This extends to the unlockable characters as well. Sure, they tally over a hundred - including from other Pixar movies like Woody from Toy Story - but some of them seem to exist to just make up the numbers. You can play as the old woman whose cat Mr. Incredible rescues, which is a bit of a stretch, as is the character count considering a lot of powers remain the same. What’s cool though is the ability to kit out your own superhero from the Lego you’ve collected, though you can’t use it until you’ve completed a mission at least once.

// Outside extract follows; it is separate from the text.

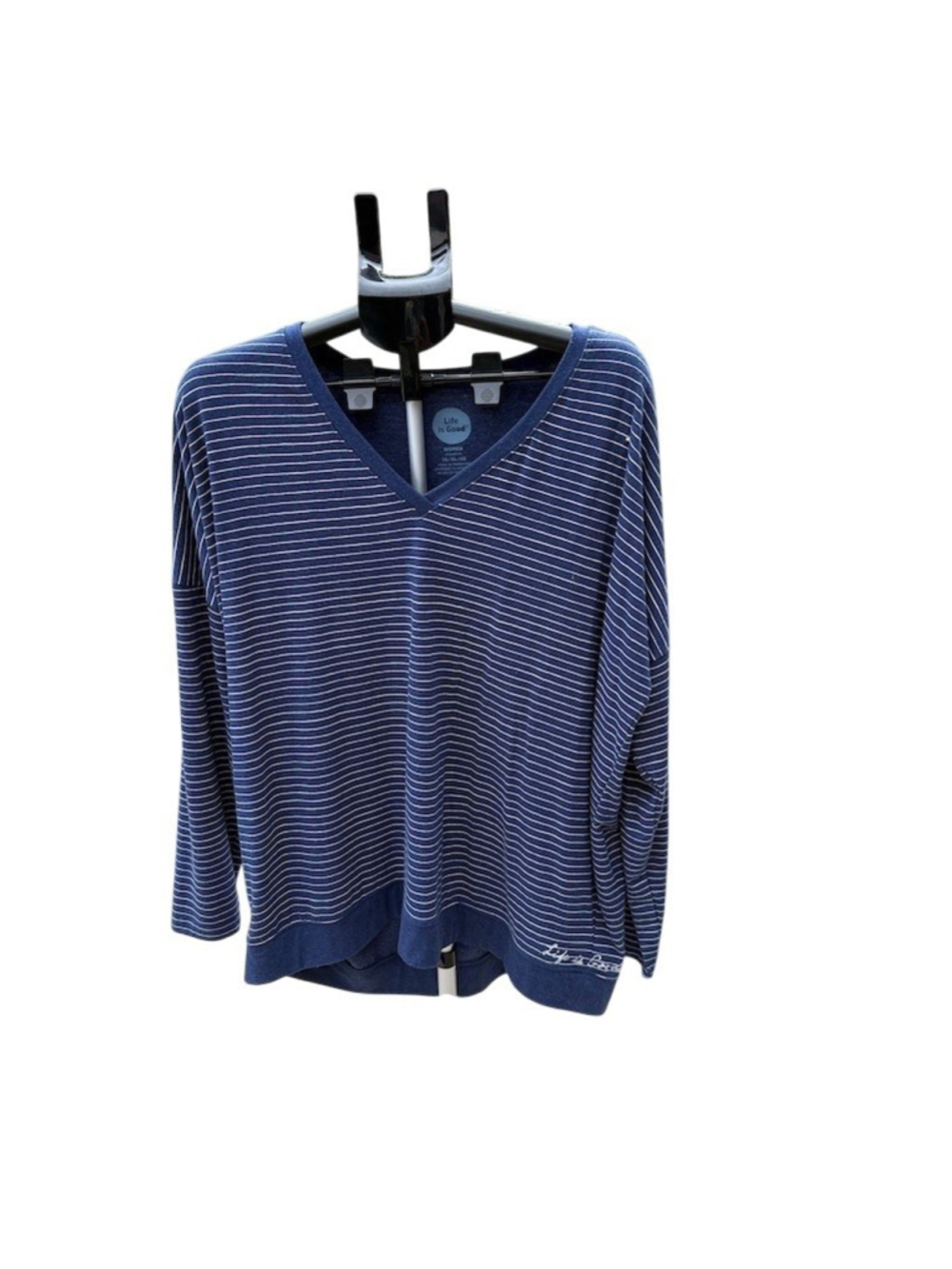 Life is Good T-Shirt Womens XL Blue White Striped V-Neck Long Sleeve
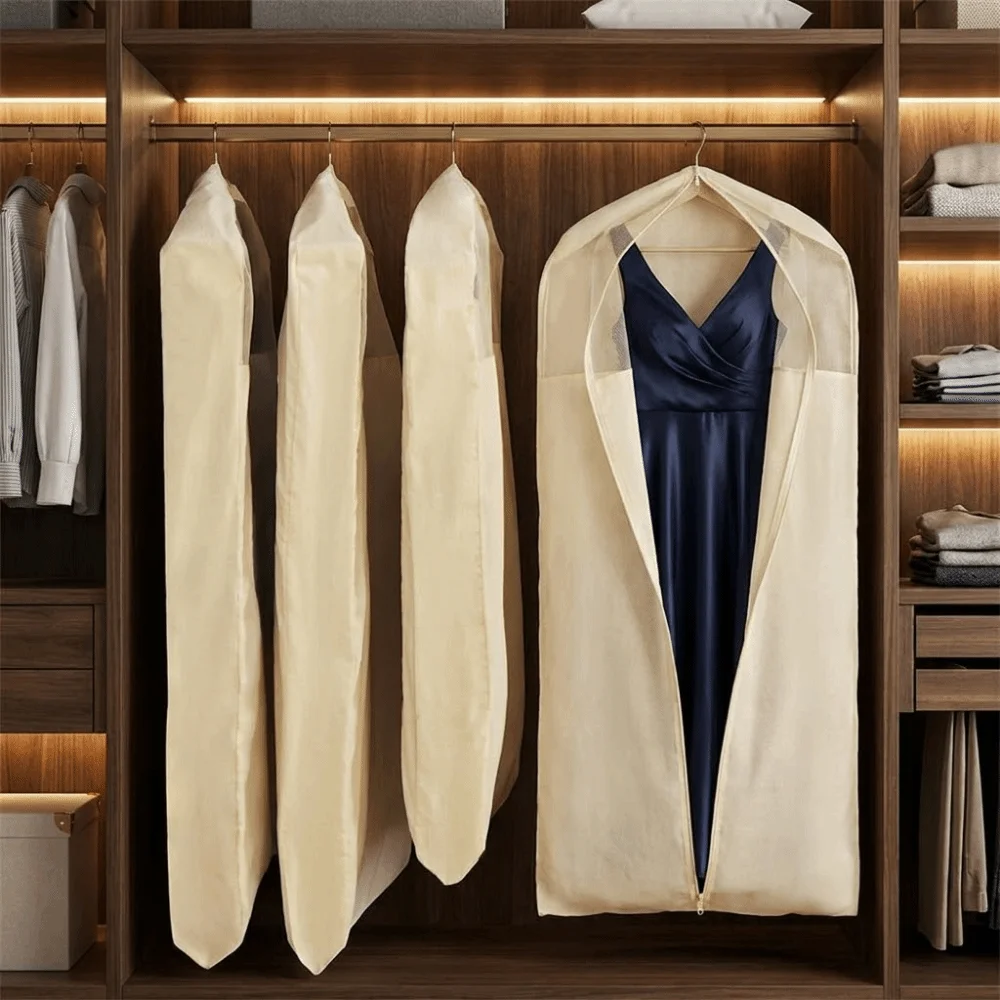 Cotton Linen Clothes Dust Cover Visible Thickened Suit Cover Storage Bag Breathable Dust-proof Garment Bag Cover for Home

All of this compounded by a camera that loses focus ever so often and button prompts that don’t work as they should, putting a damper on what should be a straightforward experience. These issues result in your character being killed more often than it really should. At times it feels that Lego The Incredibles’ biggest villain is the lack of polish and attention to these elements, further hamstrung by an erratic frame rate and texture pop-in on the Xbox One X that doesn’t make it look as good as it could be.
Clocking in at around 12 hours, Lego The Incredibles’ questionable narrative choices and bland gameplay make it one to avoid. If you’re looking for your Incredibles fix, check out movies instead because the game is far from incredible.
Rating (out of 10): 5
Gadgets 360 played a review copy of Lego The Incredibles on Xbox One X. The game is available on PS4, Xbox One, and Nintendo Switch priced at Rs. 2,999 ($60 in the US). The PC version costs Rs. 1,299 ($40 in the US).